Packend verwebt die Künstlerin überlieferte Geschichte mit subjektiven Erzählungen von Protagonisten, die – marginalisiert von der offiziellen und tradierten Geschichtsschreibung – Ideologien neu beleuchten. Mit Ihrer Arbeit The Embassy (2011) begibt sich Filipa César in die ehemalige portugiesische Kolonie Guinea-Bissau. Der Archivar Armando Lona blättert in einem vergilbten Fotoalbum, auf das César in einem verwahrlosten Staatsarchiv gestossen ist, und lässt die koloniale Vergangenheit auf den vorgefundenen Aufnahmen anschaulich werden. Die weiche, sonore Stimme Lonas kommentiert aus dem Off ausdrucksstark und wortgewaltig die Schwarzweiss-Aufnahmen aus den 1940er- und 1950er-Jahren. Anhand fotografischer Bilder, die mit dem Blick der ehemaligen Unterdrücker entstanden sind, erzählt er Geschichten aus dem Alltag der Bewohner Guinea-Bissaus.
Weitere filmische Werke wie Cuba (2012) thematisieren das kollektive Gedächtnis, den politischen wie gesellschaftlichen Hintergrund Portugals und dessen Vergangenheit als Kolonialmacht. Ein Ausgangspunkt ist dabei der Unabhängigkeitskämpfer Amílcar Cabral (1921–1973) und sein Einfluss auf das kinematografische Vermächtnis Guinea-Bissaus. Die lokale Filmproduktion spielte eine wesentliche Rolle im Unabhängigkeitskampf der Kolonie von 1961 bis 1973 gegen Portugal.

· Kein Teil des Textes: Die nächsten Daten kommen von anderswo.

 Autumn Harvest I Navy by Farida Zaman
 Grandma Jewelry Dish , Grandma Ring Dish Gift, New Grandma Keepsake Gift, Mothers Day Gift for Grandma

In der Arbeit Porto, 1975 (2010) kondensiert die Künstlerin Gegenwart und Vergangenheit am Beispiel von Bouça – ein Projekt des sozialen Wohnungsbaus in Portugal. 1973 vom Architekten Álvaro Siza geplant und begonnen, wurde es 1978 eingestellt und konnte erst 2006 abgeschlossen werden. Filipa Césars Videoarbeit führt in einer einzigen Kamerafahrt durch die Anlage und endet in einem Architekturstudio. Die Erinnerung an die kontroversen Reaktionen auf das Bauprojekt ist hier abschliessend als Telefonnachricht eines Zeugen zu hören.